Si toutefois vous souhaitez utiliser un autotest, privilégiez ceux dont l’intérêt médical est reconnu, selon votre état de santé et qui comporte le marquage CE. Il est recommandé de se procurer les autotests en pharmacie plutôt que sur Internet.
Enfin, quelque soit le résultat, ne changez pas de traitement ni vos habitudes de vie sans consulter un médecin au préalable. En ce qui concerne le Covid-19, un autotest positif doit obligatoirement être confirmé par un test PCR.
Où jeter son autotest ?
Comme pour tout autre médicament, les boîtes et notices en papier sont destinées à la poubelle des déchets recyclables. En revanche, les écouvillons, tubes et test contiennent des réactifs, voire des contaminants. C’est pourquoi ils doivent être enfermés dans des sacs plastiques et jeter avec les ordures ménagères.
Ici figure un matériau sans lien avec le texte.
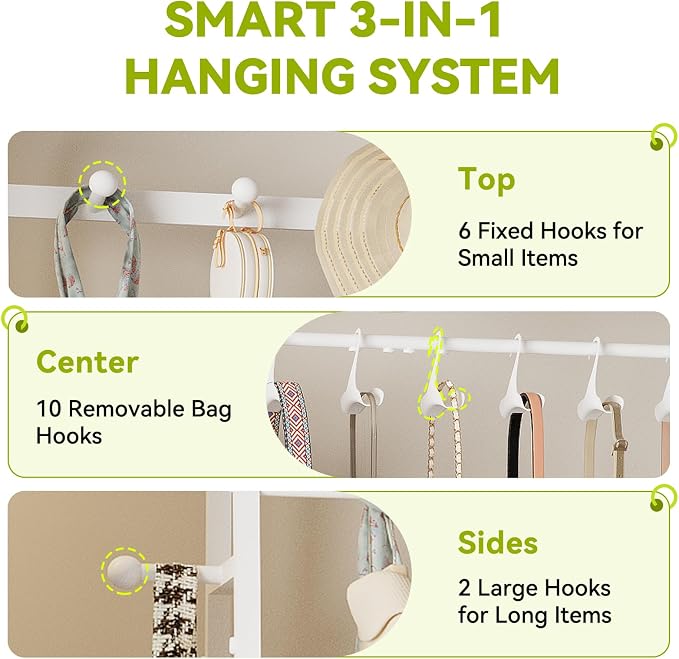 KAFAHOM Purse Rack, Purse Organizer for Closet - Tall Purse Shelf with 8 Hooks & 10 Removable Hangers to Hold Handbags, Backpacks, Pocketbooks., Perfect Purse Display Stand & Storage Tree,White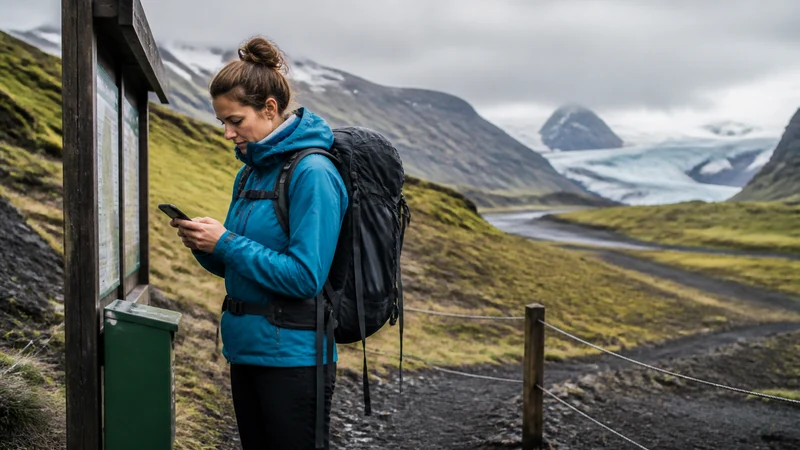 Traveller using a smartphone in Iceland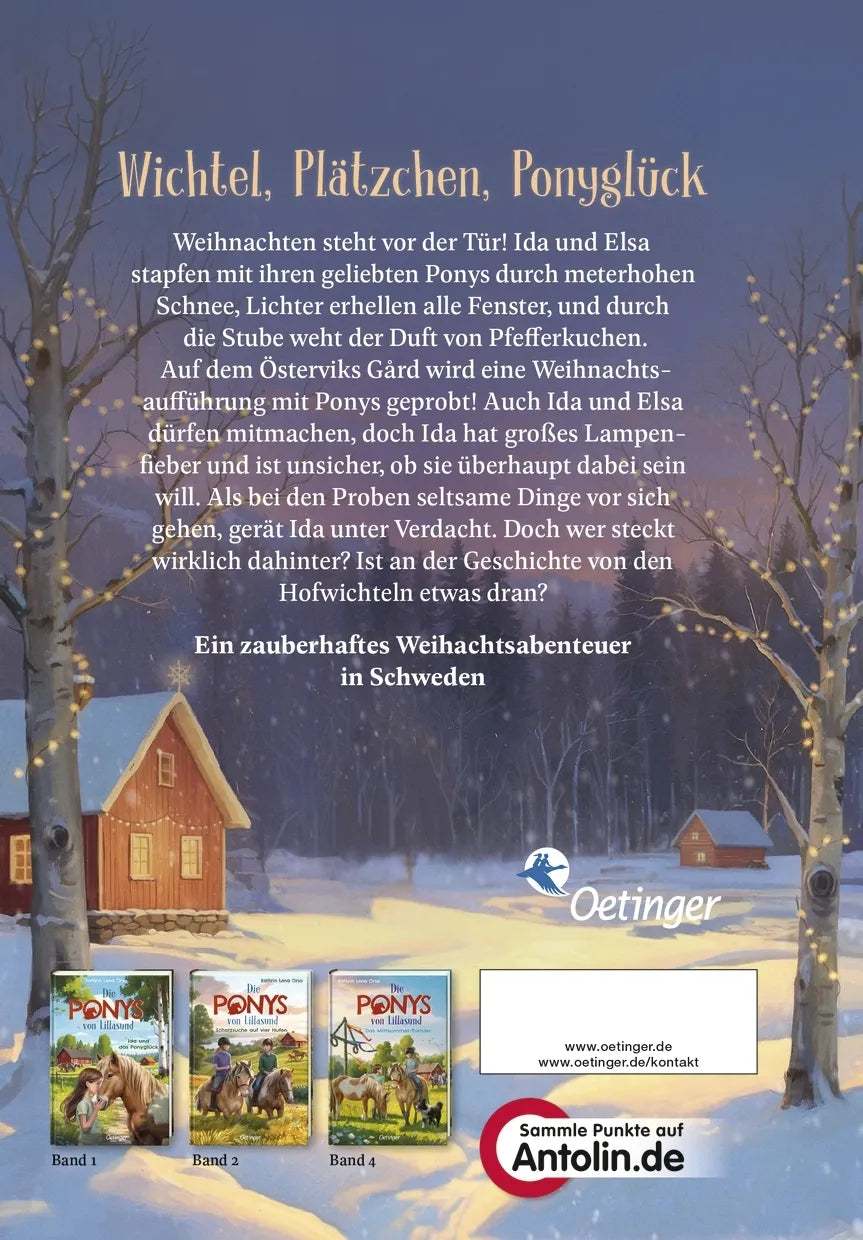 Buchrückseite von 'Die Ponys von Lillasund 3. Winterzauber im Stall' mit Klappentext - Gebundene Ausgabe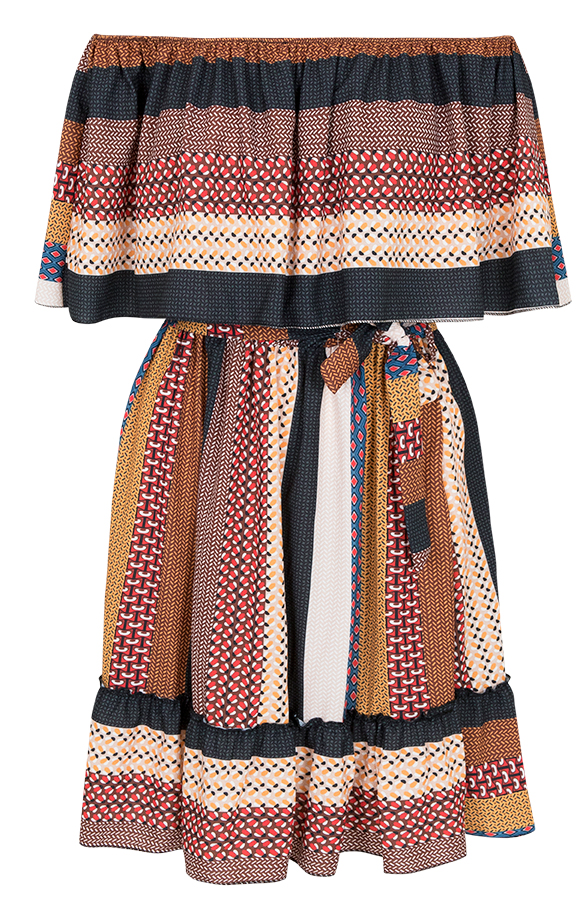 Noa Patchwork Jurk Cognac – shoparchief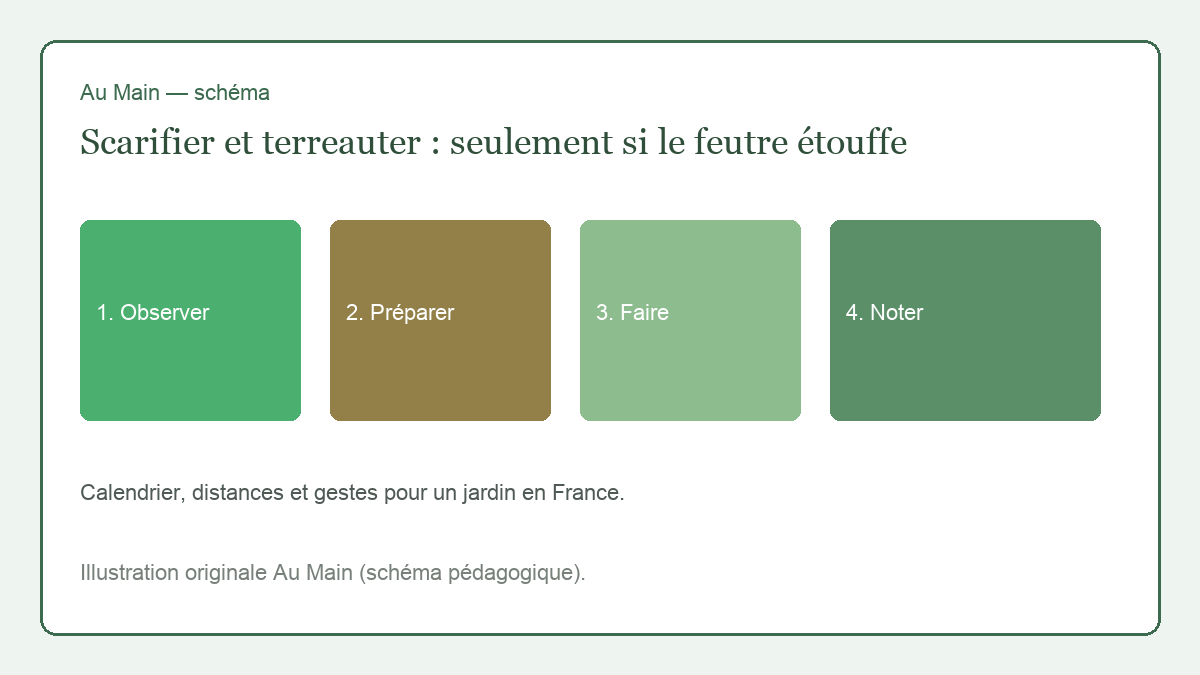 Carotte de gazon coupée au couteau, couche de feutre mesurée entre l’herbe et la terre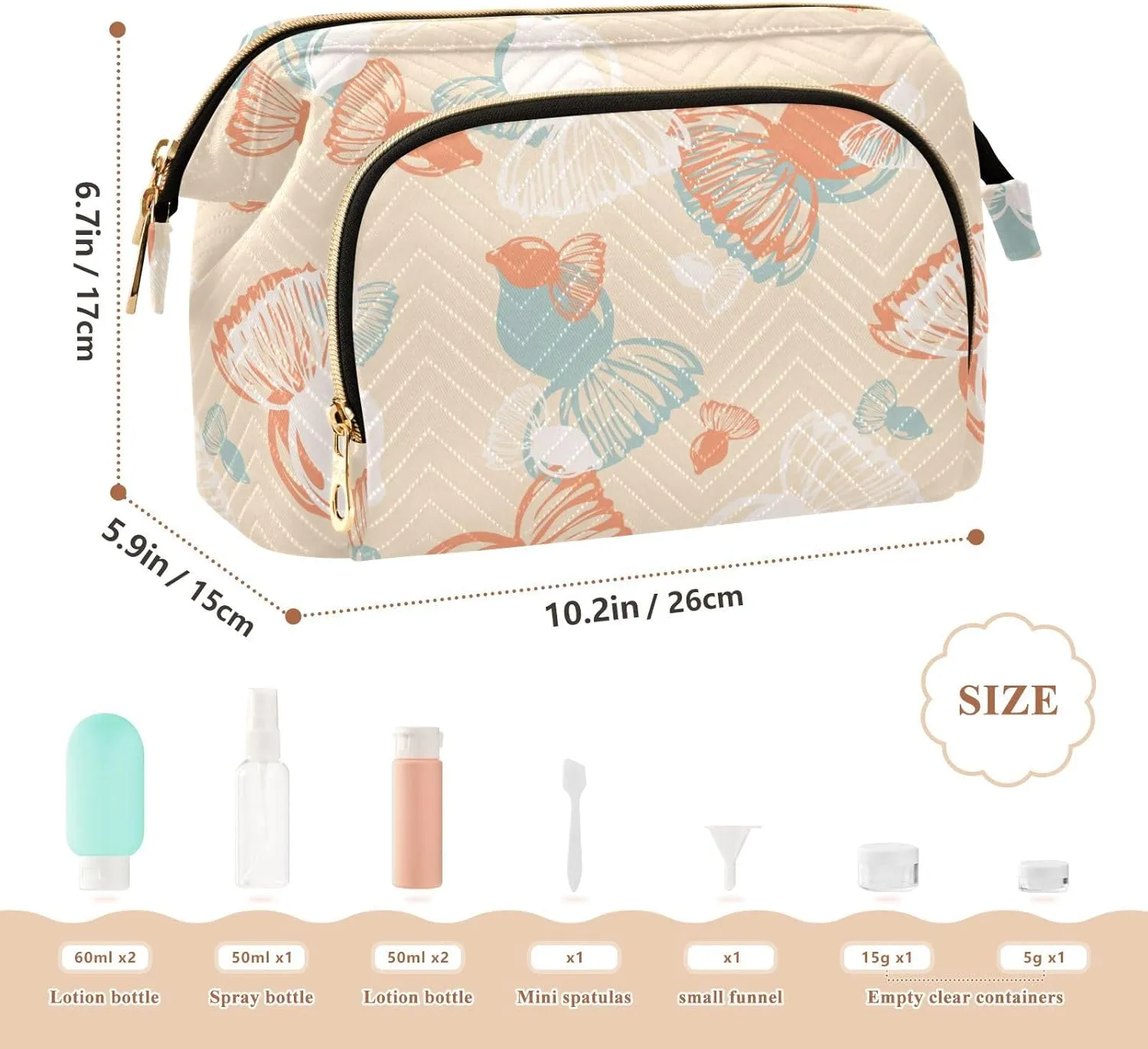 Rectangular Quilted Cosmetic Bag Spacious Travel Makeup Organizer Puffy Padding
Les autotests sanguins ne présentent pas de risques, les aiguilles étant petites et autorétractables. À l’exception des autotests VIH qui sont considérés comme déchets d’activités de soins à risques infectieux (Dasri) : lors de votre achat, votre pharmacien doit vous fournir gratuitement une petite boîte jaune dans laquelle vous placerez l’autopiqueur avant de rapporter le tout en pharmacie.